Kogawa Homestead Committee

The Kogawa Homestead Committee worked to acquire safeguards and asked the City of Vancouver to declare the home a heritage site.[12] They set up a website (, fundraised and sent press releases to newspapers and magazines across Canada. Unfortunately, the campaign failed to gather the necessary funds, and the house was sold to an individual who hoped to use it as a rental property.[13]

December 2003 Newspaper Clipping

Thinking it had failed, the Committee changed focus to the cherry tree behind the house. They propagated grafts to grow on as saplings for planting around the City, including at City Hall. Joy Kogawa began to write a picture book about the tree, later published as Naomi’s Tree.

The Committee went into hiatus when its wish to have the property designated as a heritage site did not materialize; instead, as it turns out, Heritage staff added a note to the property file to contact the committee if any request for demolition came through.

City Heritage staff also intervened when the owner began to renovate and removed original wood windows from the front façade. Windows were rushed off to storage at Nikkei National Museum and Cultural Centre in Burnaby and the owner agreed to hold off on further renovations for the time being.

The Kogawa Homestead Committee was now willing to wait as they intended to purchase the home later should it ever go on sale.[14]

Obasan’s Home

A December 22, 2003 Maclean’s article titled “That’s Obasan’s Home” highlights the goals of preserving the home and quotes then Kogawa Homestead Committee member Linda Ohama who points out the home’s symbolic importance, “Joy has brought that whole subject of what happened to the Japanese Canadians to the forefront in her literary work.
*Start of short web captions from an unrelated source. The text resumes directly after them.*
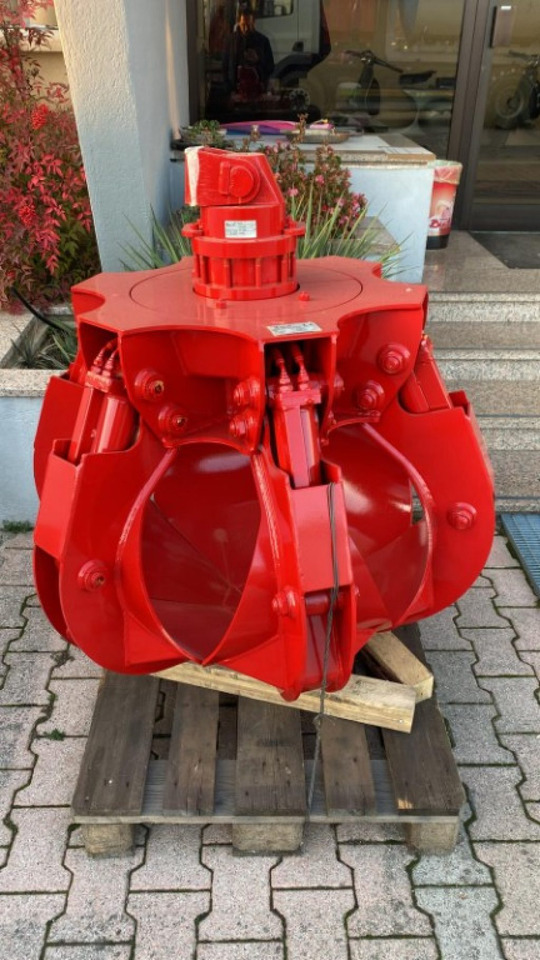 POLIPO MARCA ROZZI A 6 PALE PIU ROTORE ROZZI - מכונת אחיזה: תמונה 1 POLIPO MARCA ROZZI A 6 PALE PIU ROTORE ROZZI - מכונת אחיזה: תמונה 1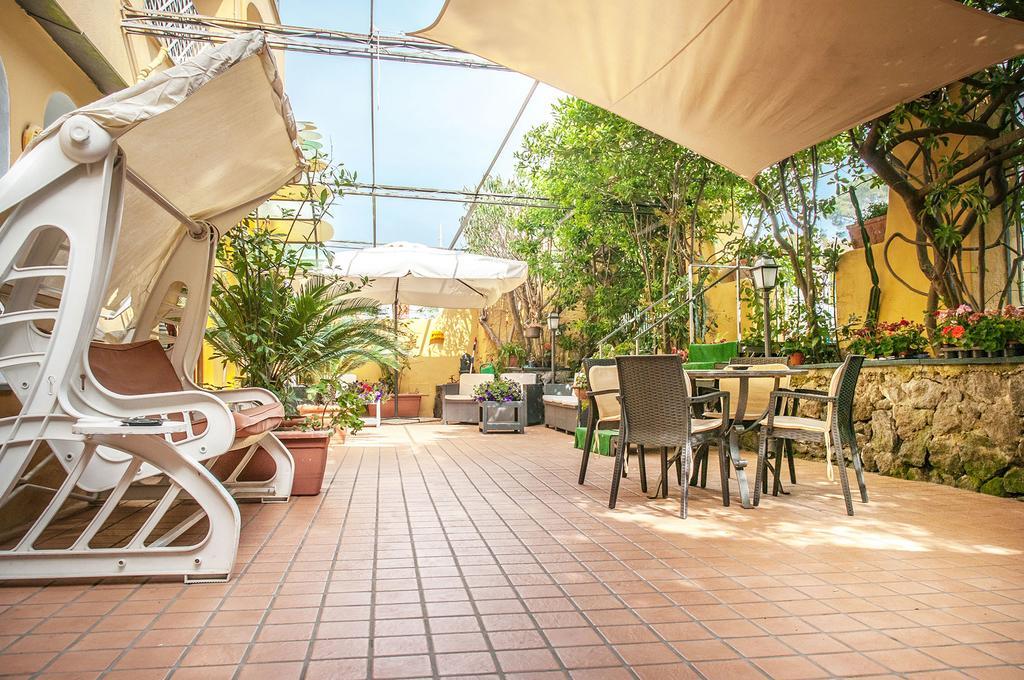 Hotel Annabelle Иския Екстериор снимка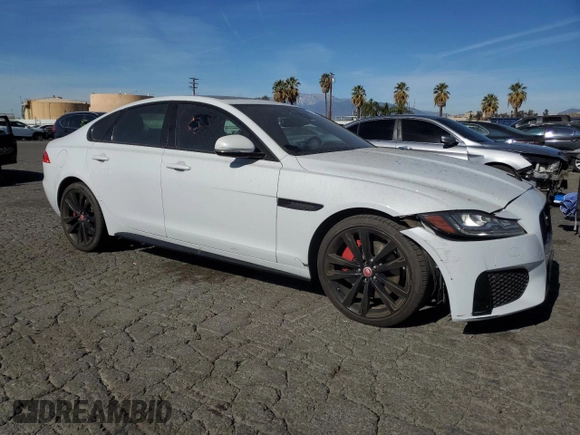 2016 Jaguar XF S with VIN SAJBG4BV4GCY04977, listed as a Copart auction lot 42283565 with 70,741 mi miles and Clean Title. Bid and sale history available at carsss.com. Image 4.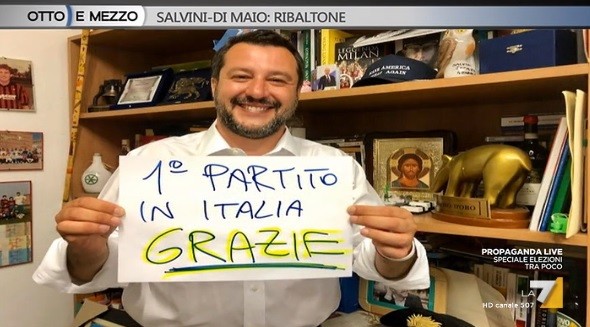 Otto e mezzo, Giannini critica la libreria di Salvini. Gruber: “Piano, ci sono anche io”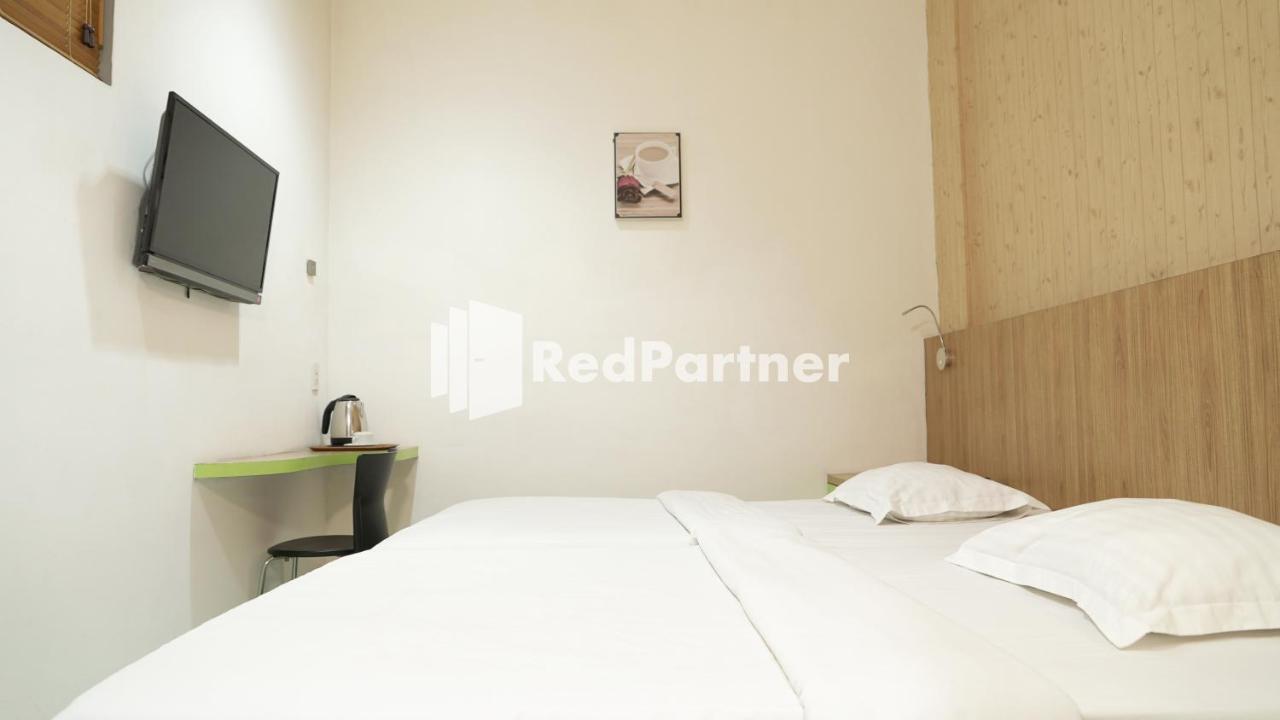 Wisma Sederhana Mitra Reddoorz Medan Exterior photo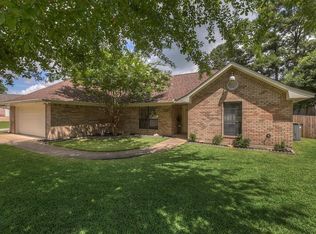 904 Cherry Hills Dr, Huntsville, TX 77340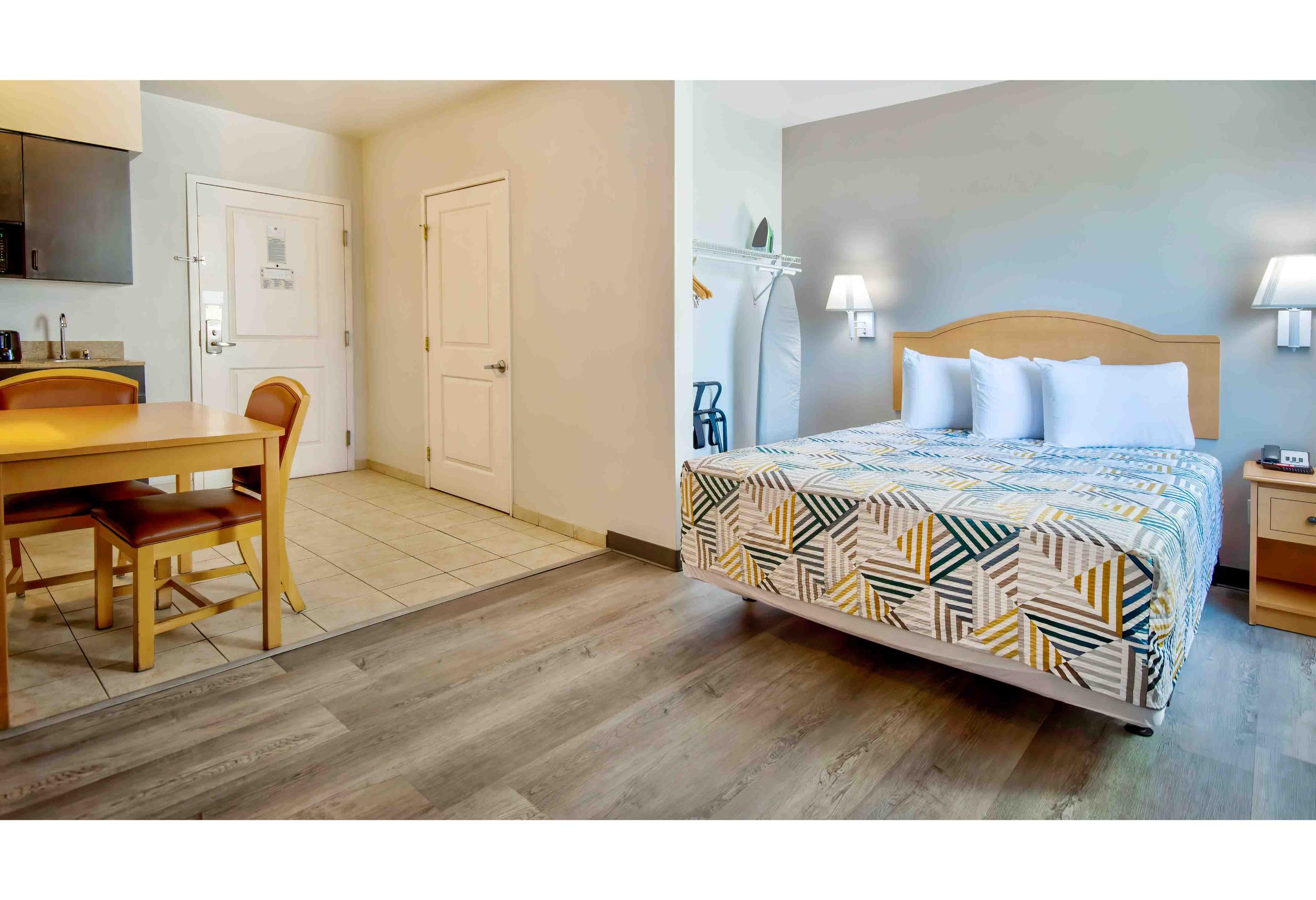 Room, Queen Bed, Smoking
So the house is a symbol – not only for Joy, but I think for our whole community – that our history makes it important enough to be saved for future reference.”[15]

The awareness generated would become crucial when the campaign was reignited in 2005.

The house is a symbol – not only for Joy, but I think for our whole community – that our history makes it important enough to be saved for future reference.
Linda Ohama, Kogawa Homestead Committee

[10] Gregory Dean Gibson, “Moving Forward: The ‘Save the Kogawa House’ Campaign and Reconciliatory Politics in Canada,” Electronic Theses and Dissertations University of British Columbia, 30.

[11] Gibson, “Moving Forward,” 30.

[12] Gibson, “Moving Forward,” 31.

[13] Gibson, “Moving Forward,” 31.

[14] Gibson, “Moving Forward,” 32.

[15] Barbara Wickens, “That’s Obasan’s Home,” Macleans, December 22, 2003, 36.